• _EXERCISE OBJECTIVE_:
Copy out each line of the listing that has the word "with" in it.

• _INFORMATION PROVIDED_:
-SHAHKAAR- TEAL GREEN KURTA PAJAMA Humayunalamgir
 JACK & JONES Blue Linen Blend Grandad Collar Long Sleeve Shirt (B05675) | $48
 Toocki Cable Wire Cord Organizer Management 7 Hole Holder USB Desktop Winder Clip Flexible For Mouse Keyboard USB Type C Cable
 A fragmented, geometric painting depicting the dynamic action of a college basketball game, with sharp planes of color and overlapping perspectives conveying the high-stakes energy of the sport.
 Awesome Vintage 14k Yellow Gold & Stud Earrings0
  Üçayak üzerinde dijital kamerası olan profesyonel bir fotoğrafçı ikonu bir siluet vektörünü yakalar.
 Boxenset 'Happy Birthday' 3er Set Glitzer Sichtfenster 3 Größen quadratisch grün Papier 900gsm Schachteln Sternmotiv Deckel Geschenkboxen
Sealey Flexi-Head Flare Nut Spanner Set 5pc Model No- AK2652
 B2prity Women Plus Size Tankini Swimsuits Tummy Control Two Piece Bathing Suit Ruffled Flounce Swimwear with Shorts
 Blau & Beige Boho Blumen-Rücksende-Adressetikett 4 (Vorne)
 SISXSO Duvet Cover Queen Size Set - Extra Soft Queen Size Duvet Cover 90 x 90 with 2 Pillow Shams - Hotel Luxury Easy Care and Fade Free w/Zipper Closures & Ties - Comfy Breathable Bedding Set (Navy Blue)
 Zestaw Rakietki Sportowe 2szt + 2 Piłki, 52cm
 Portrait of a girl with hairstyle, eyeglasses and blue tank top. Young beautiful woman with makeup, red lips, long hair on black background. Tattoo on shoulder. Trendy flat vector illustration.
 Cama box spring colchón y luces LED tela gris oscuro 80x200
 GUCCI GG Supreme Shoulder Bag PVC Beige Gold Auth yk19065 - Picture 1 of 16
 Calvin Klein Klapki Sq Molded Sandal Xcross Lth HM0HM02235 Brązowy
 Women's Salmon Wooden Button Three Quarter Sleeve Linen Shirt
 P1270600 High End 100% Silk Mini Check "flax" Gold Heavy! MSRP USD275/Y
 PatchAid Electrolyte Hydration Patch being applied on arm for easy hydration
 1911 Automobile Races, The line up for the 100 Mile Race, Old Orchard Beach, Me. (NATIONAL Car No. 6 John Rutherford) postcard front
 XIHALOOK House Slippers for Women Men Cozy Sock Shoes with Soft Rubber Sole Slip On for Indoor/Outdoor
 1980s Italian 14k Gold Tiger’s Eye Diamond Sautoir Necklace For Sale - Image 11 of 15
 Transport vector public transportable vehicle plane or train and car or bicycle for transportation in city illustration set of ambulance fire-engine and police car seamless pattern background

• _SOLUTION TO THE EXERCISE_:
 A fragmented, geometric painting depicting the dynamic action of a college basketball game, with sharp planes of color and overlapping perspectives conveying the high-stakes energy of the sport.
 B2prity Women Plus Size Tankini Swimsuits Tummy Control Two Piece Bathing Suit Ruffled Flounce Swimwear with Shorts
 SISXSO Duvet Cover Queen Size Set - Extra Soft Queen Size Duvet Cover 90 x 90 with 2 Pillow Shams - Hotel Luxury Easy Care and Fade Free w/Zipper Closures & Ties - Comfy Breathable Bedding Set (Navy Blue)
 Portrait of a girl with hairstyle, eyeglasses and blue tank top. Young beautiful woman with makeup, red lips, long hair on black background. Tattoo on shoulder. Trendy flat vector illustration.
 XIHALOOK House Slippers for Women Men Cozy Sock Shoes with Soft Rubber Sole Slip On for Indoor/Outdoor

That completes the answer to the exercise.